Each level in this game was a wonderfully exciting time game, each building on its many features to discover other hidden mysteries when returned in this cult classic sequel. Each one was very drawn and filled with amusing music.

12. Dragon Warrior Monsters (1998)

The next item in our list of the top GameBoy Color games was published before the system itself, which is unusual when you think about it!

Dragon Warrior Monsters was also backward compatible with the original GameBoy, making it one of the top GameBoy games of all time! This was the first DWM book published in Europe, and it tells the narrative of the series’ main protagonists, Terry and Milly when they were both youngsters.

The settings in this vibrant RPG are evocative of a Legend Of Zelda title. At the same time, the gameplay is reminiscent of the Pokemon series in the form of in-game breeding of your Dragon Warrior Monsters. Don’t be alarmed; you don’t see any creatures getting filthy. After all, it’s a family game.

The plot centers on Terry embarking on a journey to rescue his sister. Instead of fighting fights, like in previous Nintendo RPG titles like Quest 64 (or Holy Magic Century if you’re a fan of the top N64 games in the world), Terry relies on creatures he meets or coaxes into combat route to perform his fighting for him. Allow someone else to get their hands filthy, youngster.

Along with Terry’s first monster, ‘Slib the slime,’ you must overcome a wicked monster and all of the hurdles and dark dungeons that lie in your way if you are to rescue your sister and restore some peace to the earth. Slib may not be as excellent as Pikachu, but everyone has to start somewhere, right?

Donkey Kong Country

13. Donkey Kong Country

Donkey Kong Country, one of the finest SNES games, was ultimately converted to the Game Boy Color, complete with the same gameplay as its bigger brother.

The graphics had to be reduced to operate on the less powerful Game Boy Color, but the distinctive and somewhat stiff leaping remained, making it one of the most challenging games on the device.

Donkey Kong Country may not have the same general popularity as Super Mario Bros., but it has a unique charm and flavor.
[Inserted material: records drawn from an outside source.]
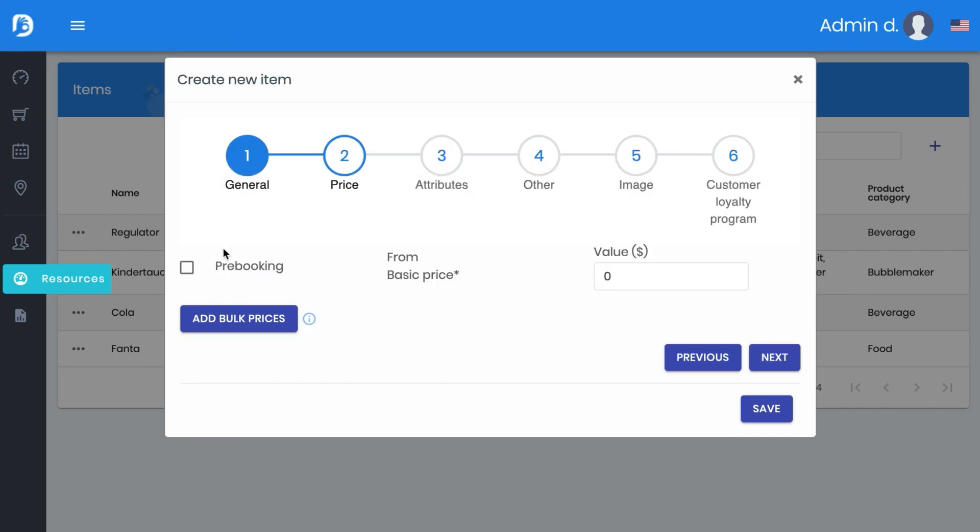If it would be another item, if it is for example possible to pre-book this one, and here we are putting the price inside. Here $15 or you can add also a bulk price.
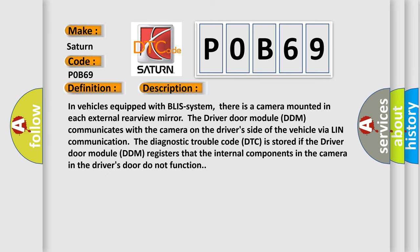In vehicles equipped with BLIS system, there is a camera mounted in each external rearview mirror. The driver door module DDM communicates with the camera on the driver's side of the vehicle via LIN communication. The diagnostic trouble code DTC is stored if the driver door module DDM registers that the internal components in the camera in the driver's door do not function.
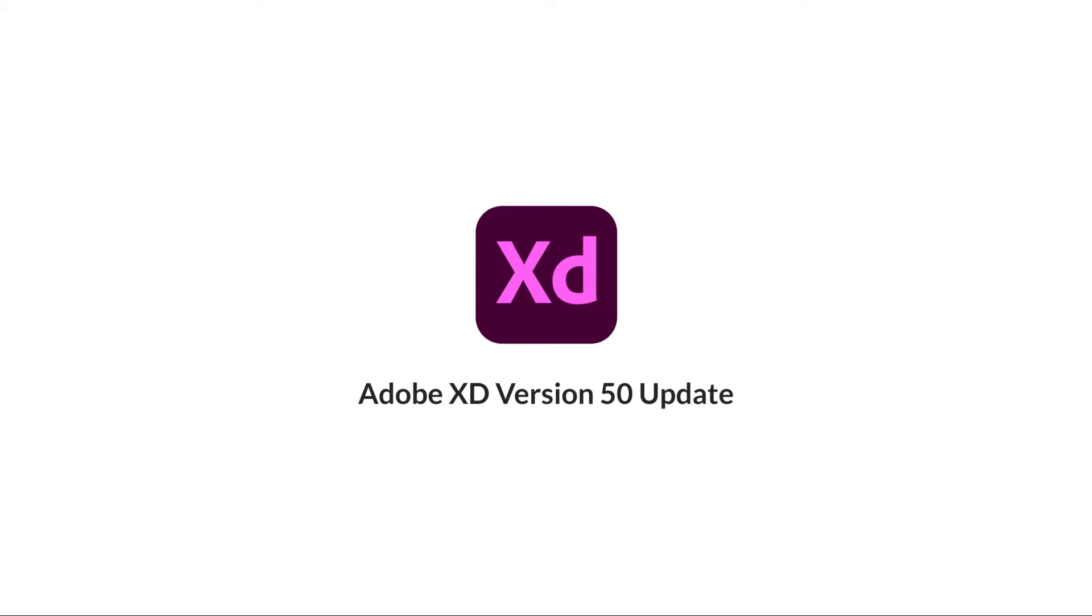Hey guys, welcome back to ddesign. Today I'm going to share with you about XD update version 50.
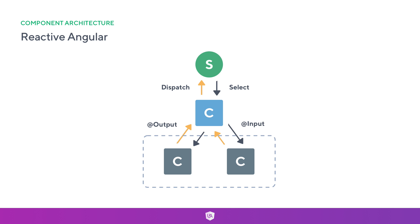Now because when we use something like a store select, this actually gets given to us as an observable. So you can think about Angular at this point as one big reactive system. That's a nice little primer to thinking about our architecture in a more structured way and thinking about the separation of our concerns.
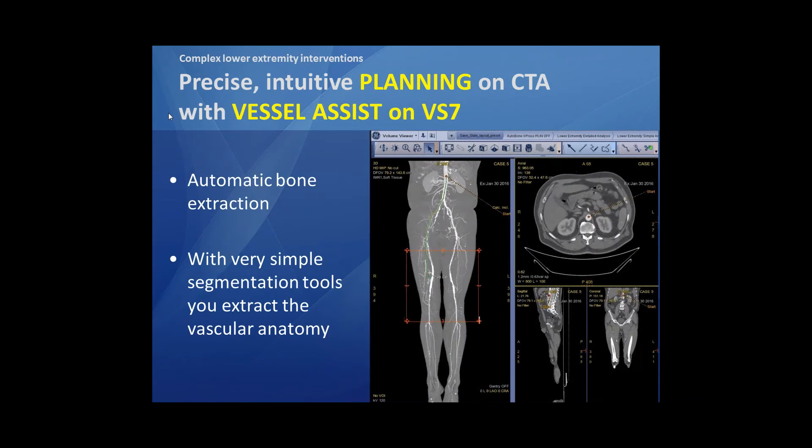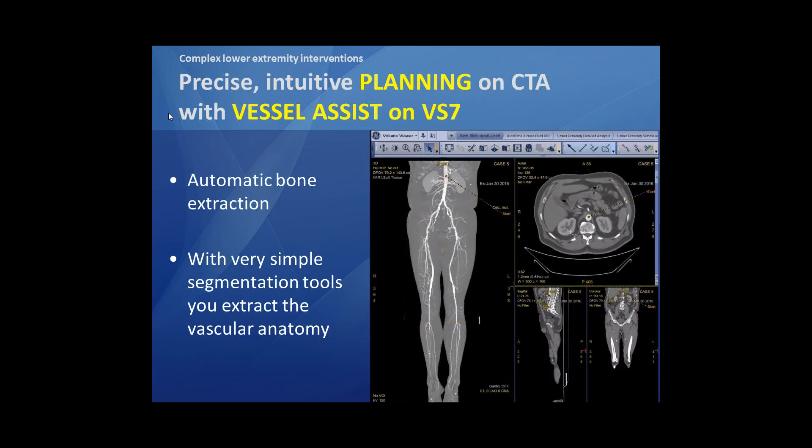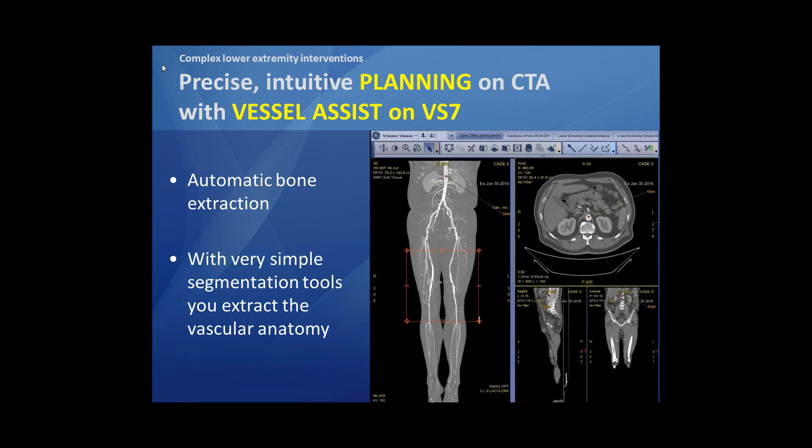We use nowadays the Vessel Assist on the VS7 of our workstation of the Discovery just to prepare our case. We create sub-volumes. As you can see here, it's almost in a very easy and intuitive way — I'm a vascular surgeon, not a radiologist, so in the beginning I was not comfortable with these automatic bone extractions and so on. But this system is really intuitive and makes it easy, in a couple of minutes, to do the preparation work. With very simple segmentation tools you can extract the whole vascular anatomy as you can see in the movie.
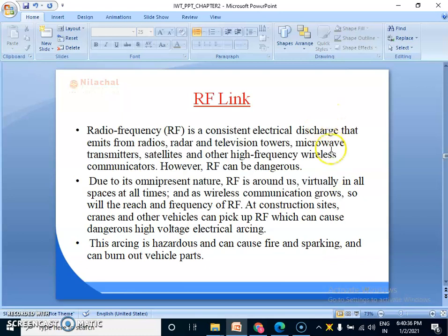What do you mean by RF link? RF link is a wireless connection media. RF stands for radio frequency, which is used for wireless communication. Radio frequency is a consistent electrical discharge that emits from radios, radar and television towers, microwave transmitters, satellites and other high frequency wireless communicators.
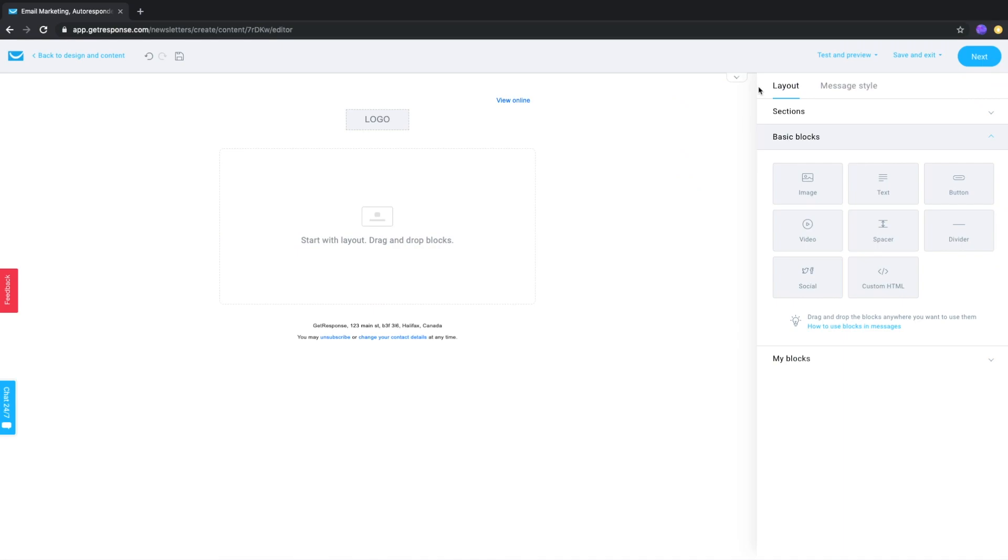Hello, this is Jeff with GitResponse. In this video I'll show you how to add a background image to your message.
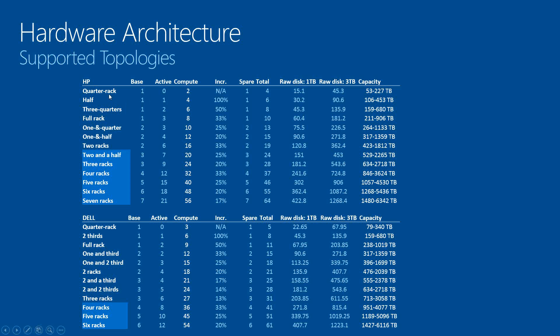You can scale up to the half rack, which is four nodes for HP, the three-quarter rack with six nodes, and so on. You can go all the way up to 56 compute nodes, which gives you in the petabyte range.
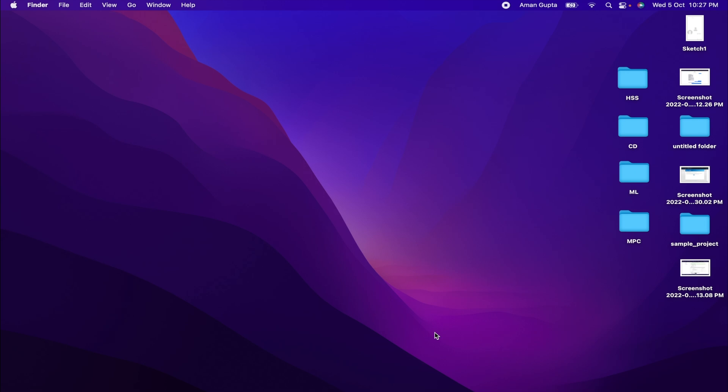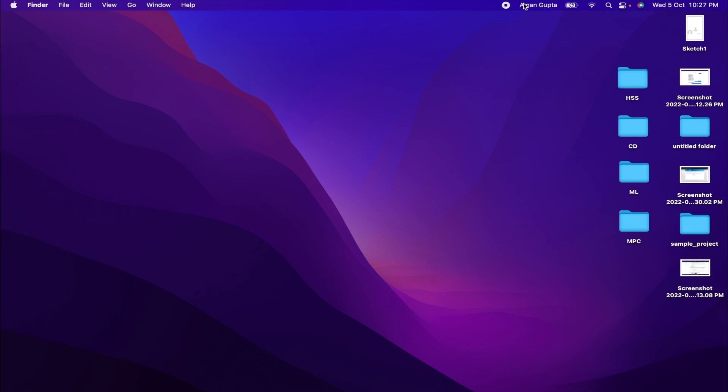Hey guys, welcome back to another video. In this video, we are going to see how to get your username in the dock. So let's begin.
The fact that it can be played anywhere only adds to its allure.

14. Harvest Moon GBC

When Harvest Moon GBC is available, who needs Stardew Valley on Switch? The Game Boy Color version, an upgraded version of Harvest Moon GB for the original Game Boy, is a portable take on the series’ typical farming action, tasking you with remodeling a farm and making it into a successful plot for both crops and animals.

The Harvest Moon series’ appeal has made it a classic for years, and designing your farm to your desire is both soothing and gratifying.

15. Pokemon Pinball

Pokemon Pinball, like a conventional pinball machine, includes one control button on each side to adjust the direction of your ball.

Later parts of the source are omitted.